Social media is by far and large the most popular and accessible way we consume news, share our opinion, and try to change the world we live in. It can be inspiring to see people get passionate about various causes. On the flip side, it can be overwhelming and seemingly hopeless. We’ve all thought, “if I share this article will anyone read it?” Or, “will changing my profile picture, really help make a difference?” We worry that we will come off as argumentative if we state our opinion, or annoying if we post something more thought provoking than a sports clip or a “take me back to my luxury vacation” photo. What if literally no one likes, shares, or comments on our attempt to stir the newsfeed pot and we just look like an opinionated loser that nobody supports?
That thought process ends now. We should all aim to use social media as a way to make a positive change in the world.

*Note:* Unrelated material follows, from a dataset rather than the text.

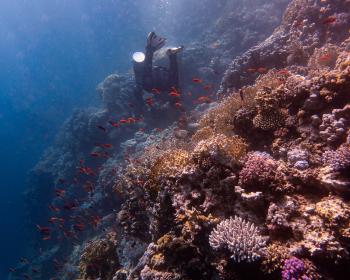 Diving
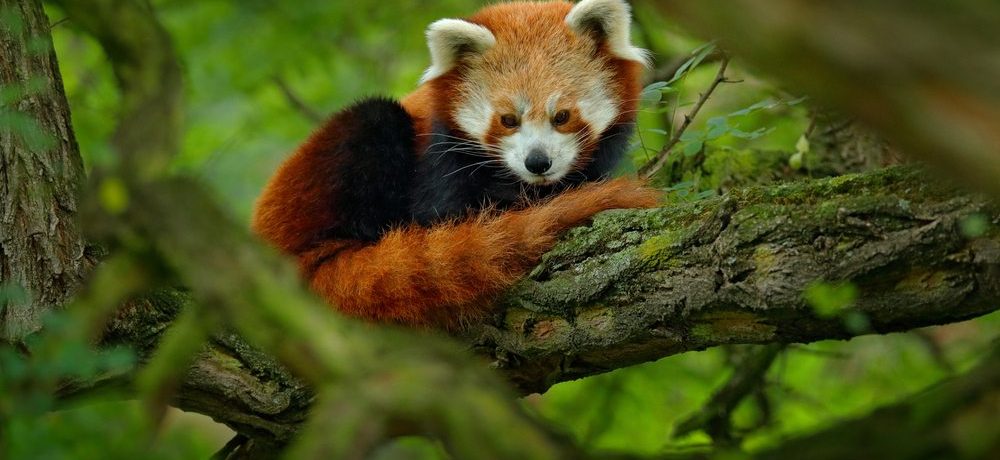 India's rode panda, neushoorn & tijger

1.The chance of someone else sharing what you post increases by 100% if you actually muster up the courage to share it.
Monkey can’t do if the monkey can’t see. As someone with slightly “against the grain” (pun intended) views on what we should eat as a society (vegan alert), there have been times where I’ve been nervous about posting things my carnivorous friends will scoff at. But if just one person shares my post with their social circle, that makes all the difference. Fun fact: The average American has about 350 friends on Facebook. Assuming there is minimal overlap, that’s a brand spanking new audience of 350+ people who are now exposed (algorithm permitting) to this beaming message of hope or change. Gotta love multiplication.
2. Awareness is the first step to becoming passionate about an issue.

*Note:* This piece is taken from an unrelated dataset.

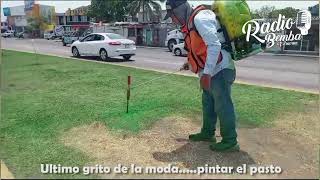 El último grito de la moda ; pintar los pastos de los camellones en Veracruz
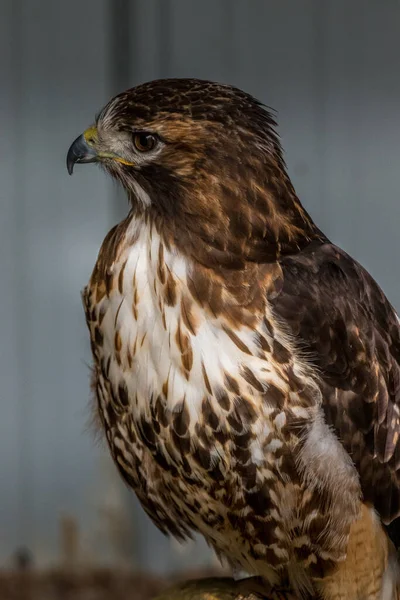 Red Tailed Hawk Cherche Nourriture Autour Lui Birds Prey Centre — Photo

This calls for a case study. Let’s take the great Ice Bucket Challenge of 2014. So cold, much water. People got fired up about little stunt, and rightfully so. There will always be situations where people participate in things on social media for sheer attention or acceptance. But I’ll tell you what. After that, awareness for ALS was higher than it was before. And people donated. It is physically impossible to care about something if you haven’t experienced or heard of it before. Nothing says “awareness” like the ice-cold reality of brain freeze.
3. Debate is how we work out our differences and find common ground.

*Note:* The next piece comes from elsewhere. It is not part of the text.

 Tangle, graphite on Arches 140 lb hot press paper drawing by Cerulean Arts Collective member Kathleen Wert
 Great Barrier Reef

Now, if you have 350+ friends on Facebook, odds are you will have some differences when it comes to morals or political beliefs. One of the best parts about human relationships is that, despite growing up in different places and having different life experiences, we can come together and learn things from each other. But because we are so different, we don’t always agree. And then we argue; because we believe our views to be true and don’t want our friends to walk around thinking something that is just plain wrong, bless their little heart. Here is the good news about debating on social media: these people are actually your friends, family, and/or co-workers. They care what you have to say. They may not agree, but they will still listen and be more open to new ideas simply because it is coming from a known source.
4. Opinions can be silent, but deadly.
We’ve all had that moment where we see an article in our newsfeed, read it, take it all in, and for whatever reason do not leave any evidence or acknowledgement to the owner of said post. Now, this could have happened for a number of reasons. We could see it first thing in the morning and simply forget to comment. We could be embarrassed to show support. We could not want our ex to think we are stalking their page, much less agreeing with anything they have to say. However, we can still have our opinions about that video we just watched on water conservation, for example. And then we can turn those opinions into actions. Because really, who know a single almond took that many gallons of water to produce?
So what have you got to lose? Get out there and share.